WORK REQUIRED ::
All lines from the first one in the listing below to the one holding "Larawan ng 781", inclusive, are to be copied exactly.

MATERIAL FOR THIS EXERCISE ::

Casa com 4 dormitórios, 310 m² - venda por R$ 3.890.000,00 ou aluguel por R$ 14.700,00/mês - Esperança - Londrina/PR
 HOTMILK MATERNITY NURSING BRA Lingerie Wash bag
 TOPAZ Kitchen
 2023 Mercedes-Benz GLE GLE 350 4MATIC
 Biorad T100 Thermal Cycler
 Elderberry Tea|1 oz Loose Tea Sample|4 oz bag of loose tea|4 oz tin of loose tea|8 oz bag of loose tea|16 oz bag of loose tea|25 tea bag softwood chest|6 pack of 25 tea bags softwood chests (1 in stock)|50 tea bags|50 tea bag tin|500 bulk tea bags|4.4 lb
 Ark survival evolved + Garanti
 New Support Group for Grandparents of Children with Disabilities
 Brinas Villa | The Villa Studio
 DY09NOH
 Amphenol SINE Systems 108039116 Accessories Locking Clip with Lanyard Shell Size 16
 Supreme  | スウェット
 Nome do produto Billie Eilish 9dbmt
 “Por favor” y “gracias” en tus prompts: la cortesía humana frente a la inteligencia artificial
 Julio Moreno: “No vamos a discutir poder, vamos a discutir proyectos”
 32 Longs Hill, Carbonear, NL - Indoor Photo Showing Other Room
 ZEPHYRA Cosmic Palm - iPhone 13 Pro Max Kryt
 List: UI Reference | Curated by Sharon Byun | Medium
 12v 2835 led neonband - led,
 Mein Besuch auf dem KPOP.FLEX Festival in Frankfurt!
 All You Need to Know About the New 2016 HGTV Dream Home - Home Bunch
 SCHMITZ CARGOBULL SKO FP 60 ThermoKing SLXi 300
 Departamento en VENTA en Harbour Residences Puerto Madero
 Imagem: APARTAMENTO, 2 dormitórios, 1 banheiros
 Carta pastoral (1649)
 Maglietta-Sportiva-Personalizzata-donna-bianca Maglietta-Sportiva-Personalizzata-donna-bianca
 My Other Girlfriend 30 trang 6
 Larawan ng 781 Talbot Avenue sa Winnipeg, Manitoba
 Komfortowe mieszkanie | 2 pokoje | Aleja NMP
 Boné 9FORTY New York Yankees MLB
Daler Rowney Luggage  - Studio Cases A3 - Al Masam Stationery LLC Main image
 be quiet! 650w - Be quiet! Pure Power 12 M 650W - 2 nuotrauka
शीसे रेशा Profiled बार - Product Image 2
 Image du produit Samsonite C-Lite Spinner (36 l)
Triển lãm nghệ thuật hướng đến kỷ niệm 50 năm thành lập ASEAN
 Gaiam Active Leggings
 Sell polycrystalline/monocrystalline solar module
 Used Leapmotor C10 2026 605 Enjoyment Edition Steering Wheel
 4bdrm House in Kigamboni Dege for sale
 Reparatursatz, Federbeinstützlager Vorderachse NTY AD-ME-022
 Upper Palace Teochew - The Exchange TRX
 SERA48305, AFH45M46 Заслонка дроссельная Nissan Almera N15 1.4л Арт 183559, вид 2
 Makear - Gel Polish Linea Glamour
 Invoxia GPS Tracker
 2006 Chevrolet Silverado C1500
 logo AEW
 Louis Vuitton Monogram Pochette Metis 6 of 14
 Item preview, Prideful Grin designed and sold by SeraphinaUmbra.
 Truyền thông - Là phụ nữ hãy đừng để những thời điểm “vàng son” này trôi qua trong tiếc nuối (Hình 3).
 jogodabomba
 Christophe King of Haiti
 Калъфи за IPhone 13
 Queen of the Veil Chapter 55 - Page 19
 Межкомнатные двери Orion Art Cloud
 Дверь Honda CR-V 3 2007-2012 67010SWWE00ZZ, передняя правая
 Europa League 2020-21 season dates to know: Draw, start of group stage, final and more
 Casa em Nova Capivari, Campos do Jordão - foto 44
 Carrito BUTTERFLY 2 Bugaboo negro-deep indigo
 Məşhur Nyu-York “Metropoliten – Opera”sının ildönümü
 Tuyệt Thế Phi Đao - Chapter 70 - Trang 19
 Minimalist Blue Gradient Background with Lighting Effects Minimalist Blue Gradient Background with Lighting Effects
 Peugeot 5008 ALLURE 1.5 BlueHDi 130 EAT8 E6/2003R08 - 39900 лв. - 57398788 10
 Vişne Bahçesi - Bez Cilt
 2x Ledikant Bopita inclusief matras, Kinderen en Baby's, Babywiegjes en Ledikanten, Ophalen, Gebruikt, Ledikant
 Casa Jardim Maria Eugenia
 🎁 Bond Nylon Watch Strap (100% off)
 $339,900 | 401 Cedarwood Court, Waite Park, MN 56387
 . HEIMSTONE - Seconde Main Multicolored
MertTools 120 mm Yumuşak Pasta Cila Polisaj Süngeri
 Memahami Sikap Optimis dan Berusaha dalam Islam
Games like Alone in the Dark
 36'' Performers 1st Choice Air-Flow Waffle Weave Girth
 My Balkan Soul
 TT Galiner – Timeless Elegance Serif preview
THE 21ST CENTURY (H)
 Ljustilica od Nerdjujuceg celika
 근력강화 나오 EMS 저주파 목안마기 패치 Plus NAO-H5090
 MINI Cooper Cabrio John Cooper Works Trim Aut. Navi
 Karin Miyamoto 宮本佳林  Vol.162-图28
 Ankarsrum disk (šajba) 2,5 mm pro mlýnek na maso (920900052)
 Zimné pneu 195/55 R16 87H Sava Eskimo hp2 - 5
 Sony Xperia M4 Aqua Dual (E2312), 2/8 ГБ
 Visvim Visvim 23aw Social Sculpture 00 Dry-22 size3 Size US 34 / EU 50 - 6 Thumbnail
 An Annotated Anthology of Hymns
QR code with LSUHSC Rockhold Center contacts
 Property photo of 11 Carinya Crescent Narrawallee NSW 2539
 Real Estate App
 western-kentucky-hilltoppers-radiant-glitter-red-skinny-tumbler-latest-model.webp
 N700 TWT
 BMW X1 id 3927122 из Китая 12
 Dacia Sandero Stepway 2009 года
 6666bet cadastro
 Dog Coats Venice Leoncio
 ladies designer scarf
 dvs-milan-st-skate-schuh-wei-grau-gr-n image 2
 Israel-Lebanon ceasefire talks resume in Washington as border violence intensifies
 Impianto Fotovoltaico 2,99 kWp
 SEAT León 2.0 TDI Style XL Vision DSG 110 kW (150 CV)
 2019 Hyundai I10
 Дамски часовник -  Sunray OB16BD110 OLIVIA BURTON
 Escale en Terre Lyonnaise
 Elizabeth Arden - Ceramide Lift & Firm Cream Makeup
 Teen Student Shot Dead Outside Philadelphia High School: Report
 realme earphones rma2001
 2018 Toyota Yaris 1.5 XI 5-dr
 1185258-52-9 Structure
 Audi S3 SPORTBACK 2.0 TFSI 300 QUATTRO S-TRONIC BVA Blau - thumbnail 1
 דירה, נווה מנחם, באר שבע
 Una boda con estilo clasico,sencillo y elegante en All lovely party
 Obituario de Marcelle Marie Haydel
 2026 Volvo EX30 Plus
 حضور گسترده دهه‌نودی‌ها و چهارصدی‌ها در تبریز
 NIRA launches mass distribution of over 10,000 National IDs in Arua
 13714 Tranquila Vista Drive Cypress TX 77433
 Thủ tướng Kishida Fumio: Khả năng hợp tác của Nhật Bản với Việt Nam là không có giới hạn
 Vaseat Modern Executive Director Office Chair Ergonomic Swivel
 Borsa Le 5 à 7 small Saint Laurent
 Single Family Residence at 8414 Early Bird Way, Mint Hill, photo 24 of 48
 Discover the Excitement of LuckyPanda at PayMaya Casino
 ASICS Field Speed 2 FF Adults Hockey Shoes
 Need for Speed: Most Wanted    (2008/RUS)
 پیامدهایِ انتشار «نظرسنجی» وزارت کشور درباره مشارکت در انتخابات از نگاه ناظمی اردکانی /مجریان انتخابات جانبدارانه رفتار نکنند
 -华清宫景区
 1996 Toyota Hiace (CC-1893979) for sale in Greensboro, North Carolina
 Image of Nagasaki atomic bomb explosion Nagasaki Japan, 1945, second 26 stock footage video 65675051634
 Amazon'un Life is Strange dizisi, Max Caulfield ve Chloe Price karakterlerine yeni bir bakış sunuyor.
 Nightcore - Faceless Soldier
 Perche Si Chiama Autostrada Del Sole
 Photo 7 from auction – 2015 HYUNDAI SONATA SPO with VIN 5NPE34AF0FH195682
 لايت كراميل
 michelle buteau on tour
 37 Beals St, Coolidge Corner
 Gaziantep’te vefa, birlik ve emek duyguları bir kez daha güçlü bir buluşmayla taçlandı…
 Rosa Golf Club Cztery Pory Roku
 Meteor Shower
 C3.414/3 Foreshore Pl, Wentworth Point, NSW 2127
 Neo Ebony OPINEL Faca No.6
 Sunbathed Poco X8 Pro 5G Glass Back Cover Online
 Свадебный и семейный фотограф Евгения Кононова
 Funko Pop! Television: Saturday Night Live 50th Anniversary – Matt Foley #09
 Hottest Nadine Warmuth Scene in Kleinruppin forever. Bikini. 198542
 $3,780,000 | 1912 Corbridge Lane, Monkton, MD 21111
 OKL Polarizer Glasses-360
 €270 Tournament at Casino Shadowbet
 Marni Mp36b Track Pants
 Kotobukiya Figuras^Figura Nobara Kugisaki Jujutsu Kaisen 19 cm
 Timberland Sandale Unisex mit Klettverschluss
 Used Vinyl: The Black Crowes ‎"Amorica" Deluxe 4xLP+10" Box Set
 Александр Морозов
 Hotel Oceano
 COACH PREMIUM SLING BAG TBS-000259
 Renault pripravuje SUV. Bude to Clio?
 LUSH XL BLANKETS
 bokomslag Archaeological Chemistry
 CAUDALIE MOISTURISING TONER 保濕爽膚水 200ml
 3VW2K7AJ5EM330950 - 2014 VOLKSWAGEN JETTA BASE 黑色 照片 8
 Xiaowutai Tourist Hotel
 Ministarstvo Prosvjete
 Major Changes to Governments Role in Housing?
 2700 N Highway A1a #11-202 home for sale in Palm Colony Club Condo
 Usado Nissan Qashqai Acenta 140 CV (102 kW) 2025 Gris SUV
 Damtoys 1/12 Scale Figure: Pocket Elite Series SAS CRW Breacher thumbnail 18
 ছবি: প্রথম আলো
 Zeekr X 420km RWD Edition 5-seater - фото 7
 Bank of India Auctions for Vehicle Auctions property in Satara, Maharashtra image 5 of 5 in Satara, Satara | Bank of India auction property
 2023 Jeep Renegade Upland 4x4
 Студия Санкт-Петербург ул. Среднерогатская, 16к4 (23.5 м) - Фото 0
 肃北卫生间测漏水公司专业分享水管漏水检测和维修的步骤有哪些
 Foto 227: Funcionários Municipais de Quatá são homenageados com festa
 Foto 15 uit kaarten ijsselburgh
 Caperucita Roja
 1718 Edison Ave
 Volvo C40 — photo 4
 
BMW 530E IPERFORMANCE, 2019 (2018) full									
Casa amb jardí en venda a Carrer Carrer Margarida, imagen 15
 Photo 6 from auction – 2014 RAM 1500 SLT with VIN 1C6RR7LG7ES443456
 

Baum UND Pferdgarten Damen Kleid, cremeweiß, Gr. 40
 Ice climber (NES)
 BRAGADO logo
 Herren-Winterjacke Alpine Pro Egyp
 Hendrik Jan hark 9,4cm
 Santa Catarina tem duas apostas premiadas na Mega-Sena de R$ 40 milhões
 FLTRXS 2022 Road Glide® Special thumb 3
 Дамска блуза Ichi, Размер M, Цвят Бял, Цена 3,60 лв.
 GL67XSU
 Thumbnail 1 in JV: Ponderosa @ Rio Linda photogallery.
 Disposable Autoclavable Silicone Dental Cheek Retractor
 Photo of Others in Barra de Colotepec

ANSWER BOX ::
Casa com 4 dormitórios, 310 m² - venda por R$ 3.890.000,00 ou aluguel por R$ 14.700,00/mês - Esperança - Londrina/PR
 HOTMILK MATERNITY NURSING BRA Lingerie Wash bag
 TOPAZ Kitchen
 2023 Mercedes-Benz GLE GLE 350 4MATIC
 Biorad T100 Thermal Cycler
 Elderberry Tea|1 oz Loose Tea Sample|4 oz bag of loose tea|4 oz tin of loose tea|8 oz bag of loose tea|16 oz bag of loose tea|25 tea bag softwood chest|6 pack of 25 tea bags softwood chests (1 in stock)|50 tea bags|50 tea bag tin|500 bulk tea bags|4.4 lb
 Ark survival evolved + Garanti
 New Support Group for Grandparents of Children with Disabilities
 Brinas Villa | The Villa Studio
 DY09NOH
 Amphenol SINE Systems 108039116 Accessories Locking Clip with Lanyard Shell Size 16
 Supreme  | スウェット
 Nome do produto Billie Eilish 9dbmt
 “Por favor” y “gracias” en tus prompts: la cortesía humana frente a la inteligencia artificial
 Julio Moreno: “No vamos a discutir poder, vamos a discutir proyectos”
 32 Longs Hill, Carbonear, NL - Indoor Photo Showing Other Room
 ZEPHYRA Cosmic Palm - iPhone 13 Pro Max Kryt
 List: UI Reference | Curated by Sharon Byun | Medium
 12v 2835 led neonband - led,
 Mein Besuch auf dem KPOP.FLEX Festival in Frankfurt!
 All You Need to Know About the New 2016 HGTV Dream Home - Home Bunch
 SCHMITZ CARGOBULL SKO FP 60 ThermoKing SLXi 300
 Departamento en VENTA en Harbour Residences Puerto Madero
 Imagem: APARTAMENTO, 2 dormitórios, 1 banheiros
 Carta pastoral (1649)
 Maglietta-Sportiva-Personalizzata-donna-bianca Maglietta-Sportiva-Personalizzata-donna-bianca
 My Other Girlfriend 30 trang 6
 Larawan ng 781 Talbot Avenue sa Winnipeg, Manitoba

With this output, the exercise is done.